Copy every line of the listing exactly.

Supplied information:
☆ ☆ ☆ ☆ ☆ ☆ ☆

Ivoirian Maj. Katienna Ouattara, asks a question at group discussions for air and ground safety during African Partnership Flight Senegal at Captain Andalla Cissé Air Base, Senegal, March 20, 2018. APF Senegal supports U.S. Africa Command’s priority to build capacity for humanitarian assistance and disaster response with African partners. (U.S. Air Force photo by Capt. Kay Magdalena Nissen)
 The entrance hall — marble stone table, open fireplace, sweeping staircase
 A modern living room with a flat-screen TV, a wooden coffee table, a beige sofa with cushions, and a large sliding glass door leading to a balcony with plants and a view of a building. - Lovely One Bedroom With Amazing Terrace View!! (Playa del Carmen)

☆ ☆ ☆ ☆ ☆ ☆ ☆

Exercise answer:
Ivoirian Maj. Katienna Ouattara, asks a question at group discussions for air and ground safety during African Partnership Flight Senegal at Captain Andalla Cissé Air Base, Senegal, March 20, 2018. APF Senegal supports U.S. Africa Command’s priority to build capacity for humanitarian assistance and disaster response with African partners. (U.S. Air Force photo by Capt. Kay Magdalena Nissen)
 The entrance hall — marble stone table, open fireplace, sweeping staircase
 A modern living room with a flat-screen TV, a wooden coffee table, a beige sofa with cushions, and a large sliding glass door leading to a balcony with plants and a view of a building. - Lovely One Bedroom With Amazing Terrace View!! (Playa del Carmen)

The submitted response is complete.